◆ What the exercise asks ◆
Exact wording is required for every entry; transcribe all of them and leave the images out.

◆ Data for review ◆
↓↓↓

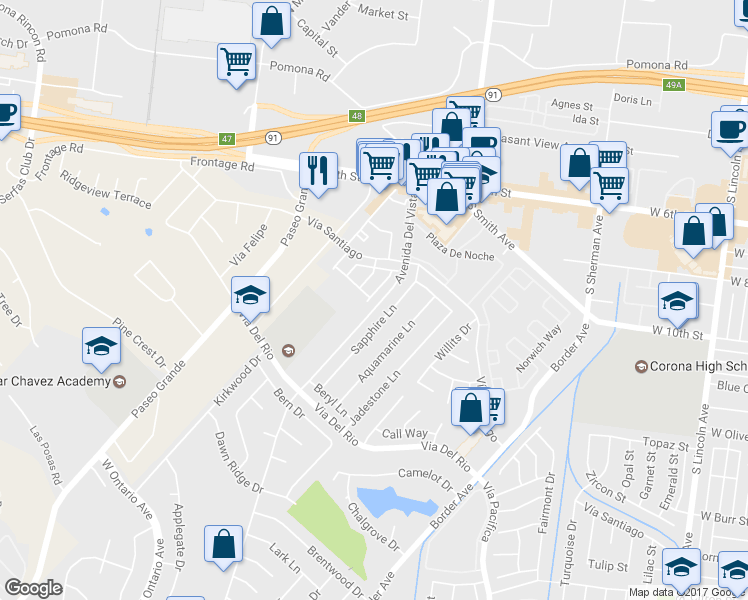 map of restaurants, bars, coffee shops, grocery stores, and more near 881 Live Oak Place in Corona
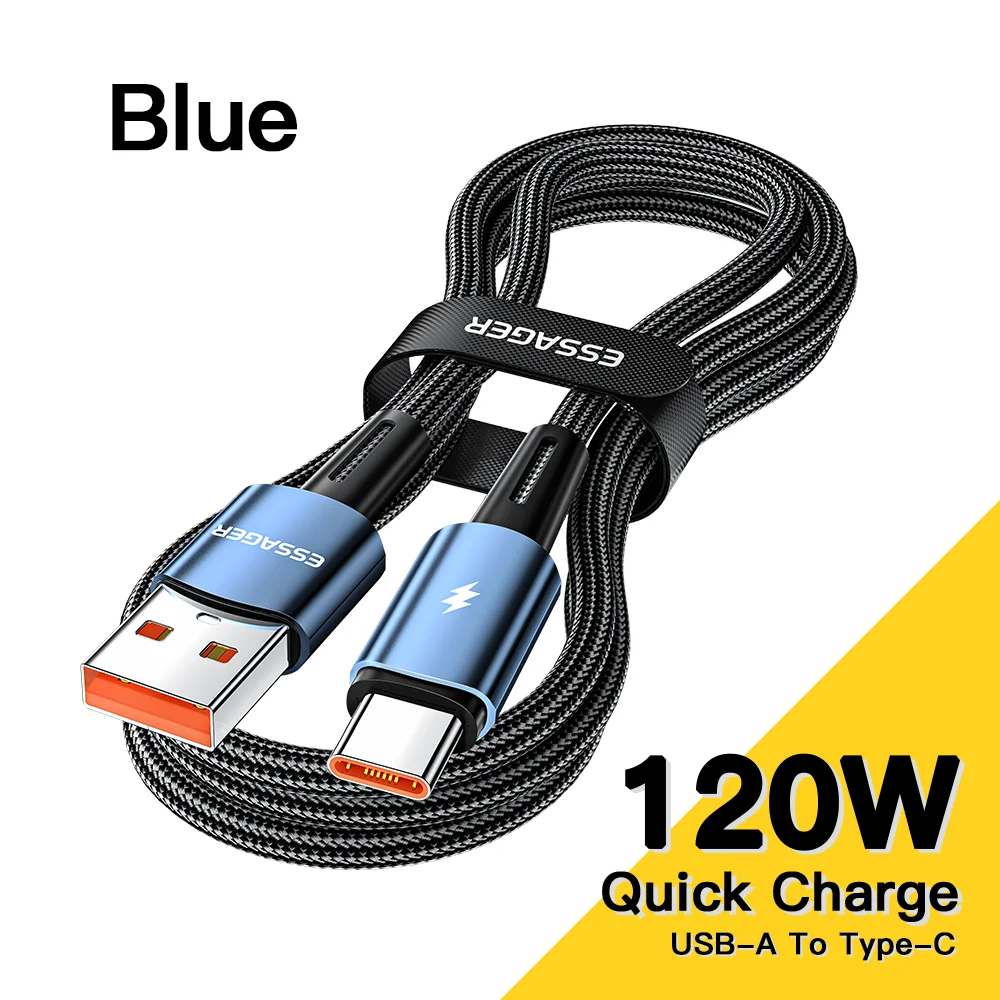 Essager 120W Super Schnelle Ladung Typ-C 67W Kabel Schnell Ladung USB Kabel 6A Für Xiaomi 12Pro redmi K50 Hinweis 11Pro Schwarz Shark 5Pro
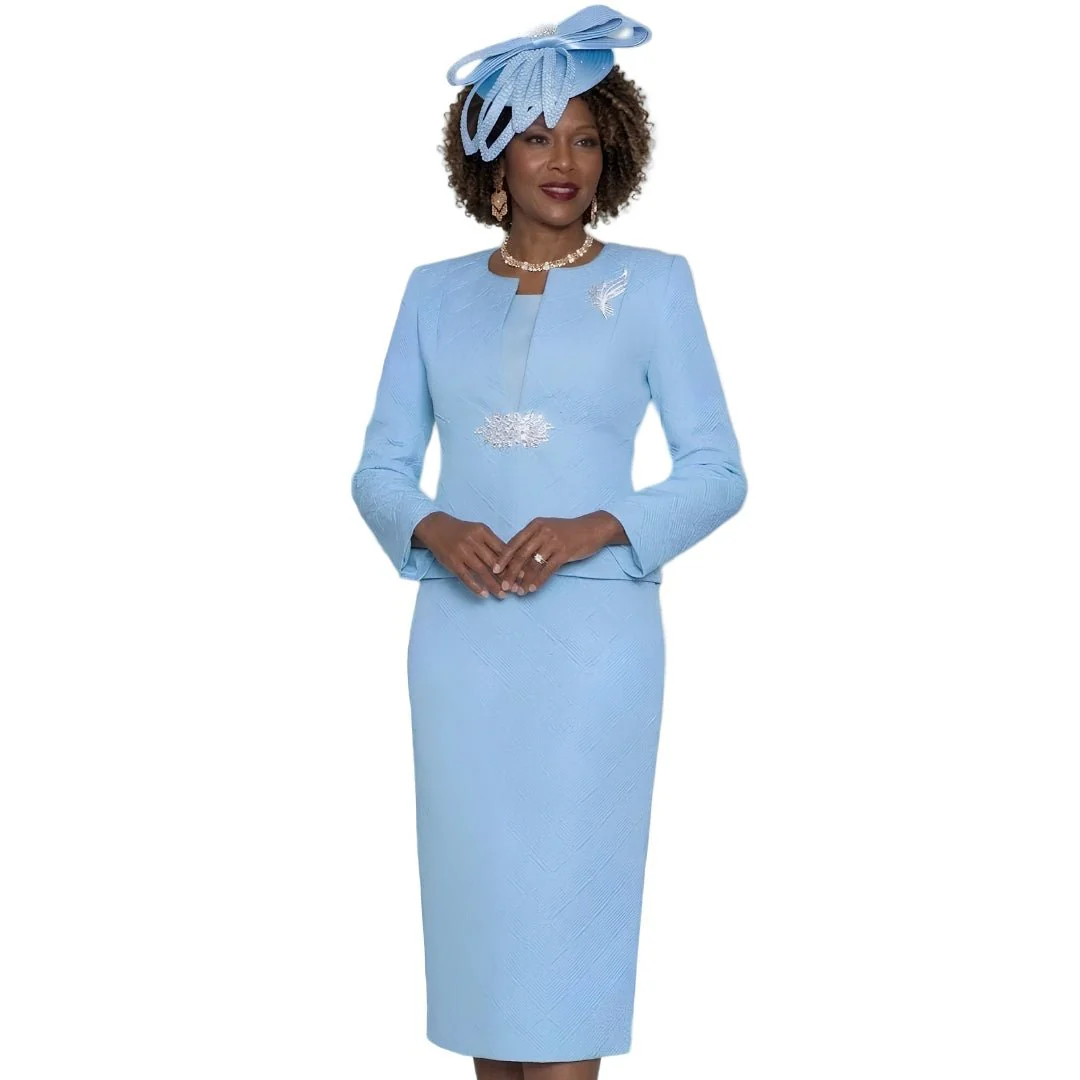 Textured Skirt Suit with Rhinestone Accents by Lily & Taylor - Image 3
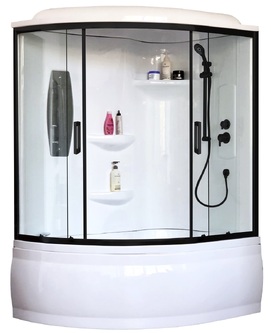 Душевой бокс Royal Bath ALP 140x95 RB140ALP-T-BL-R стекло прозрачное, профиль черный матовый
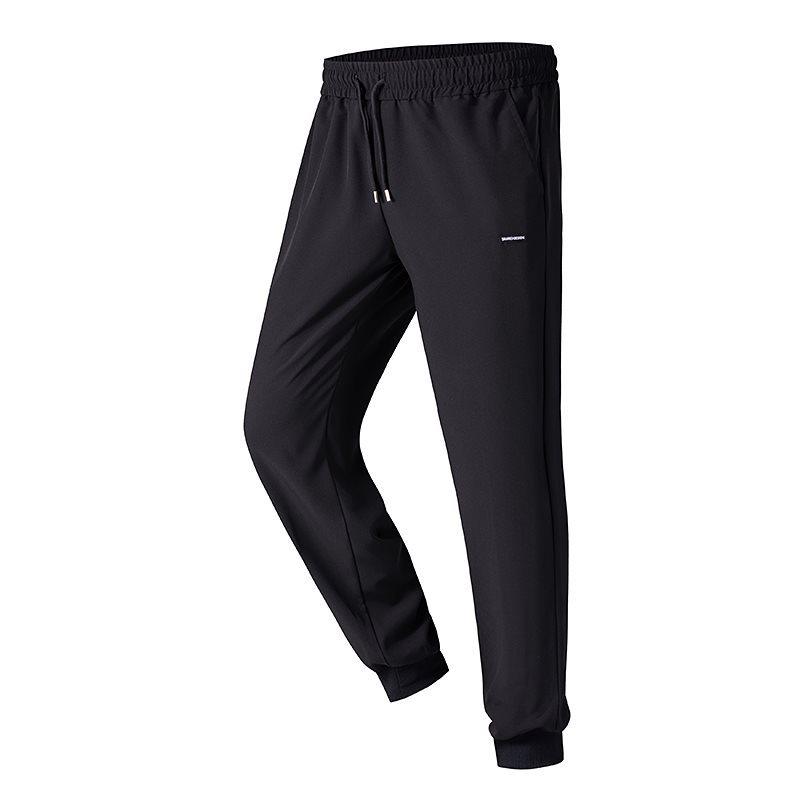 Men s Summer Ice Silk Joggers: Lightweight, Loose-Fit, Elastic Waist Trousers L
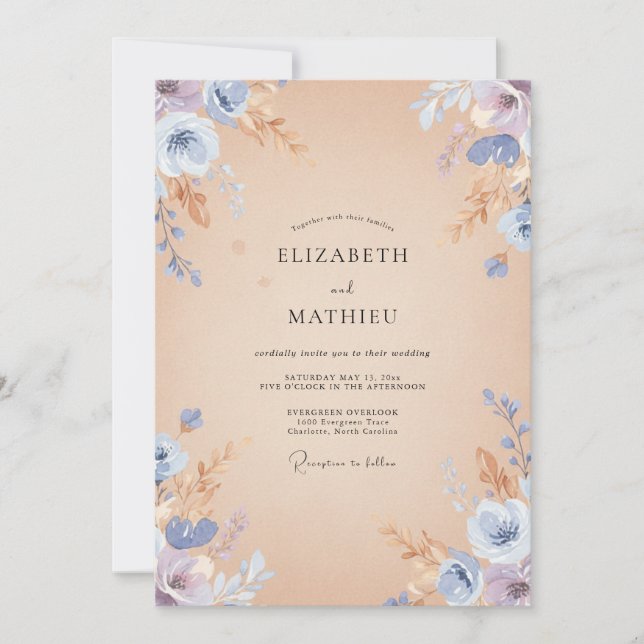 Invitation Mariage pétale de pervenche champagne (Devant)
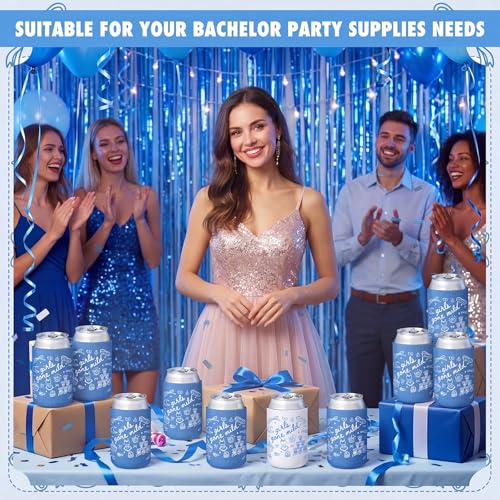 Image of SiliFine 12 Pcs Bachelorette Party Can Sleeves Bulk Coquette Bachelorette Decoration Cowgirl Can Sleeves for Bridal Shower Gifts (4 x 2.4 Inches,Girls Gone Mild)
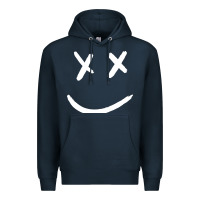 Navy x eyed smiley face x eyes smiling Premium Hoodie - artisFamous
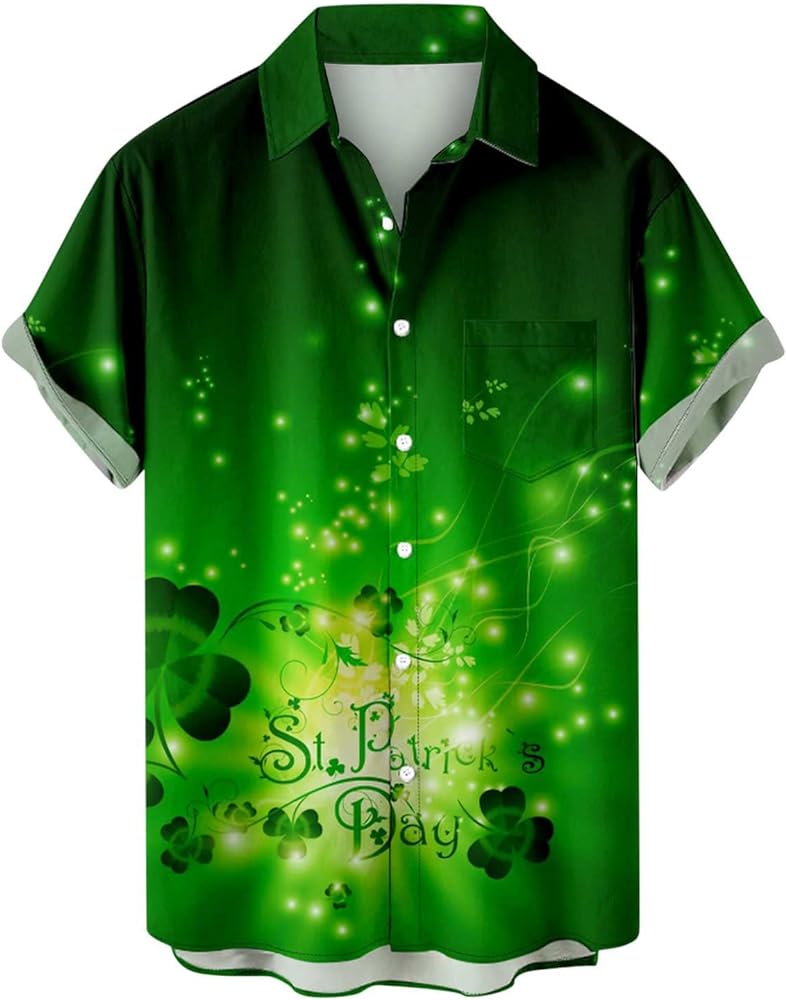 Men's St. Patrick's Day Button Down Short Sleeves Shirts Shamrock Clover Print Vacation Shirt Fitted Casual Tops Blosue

↑↑↑

◆ Answer area ◆
 map of restaurants, bars, coffee shops, grocery stores, and more near 881 Live Oak Place in Corona
 Essager 120W Super Schnelle Ladung Typ-C 67W Kabel Schnell Ladung USB Kabel 6A Für Xiaomi 12Pro redmi K50 Hinweis 11Pro Schwarz Shark 5Pro
 Textured Skirt Suit with Rhinestone Accents by Lily & Taylor - Image 3
 Душевой бокс Royal Bath ALP 140x95 RB140ALP-T-BL-R стекло прозрачное, профиль черный матовый
 Men s Summer Ice Silk Joggers: Lightweight, Loose-Fit, Elastic Waist Trousers L
 Invitation Mariage pétale de pervenche champagne (Devant)
 Image of SiliFine 12 Pcs Bachelorette Party Can Sleeves Bulk Coquette Bachelorette Decoration Cowgirl Can Sleeves for Bridal Shower Gifts (4 x 2.4 Inches,Girls Gone Mild)
 Navy x eyed smiley face x eyes smiling Premium Hoodie - artisFamous
 Men's St. Patrick's Day Button Down Short Sleeves Shirts Shamrock Clover Print Vacation Shirt Fitted Casual Tops Blosue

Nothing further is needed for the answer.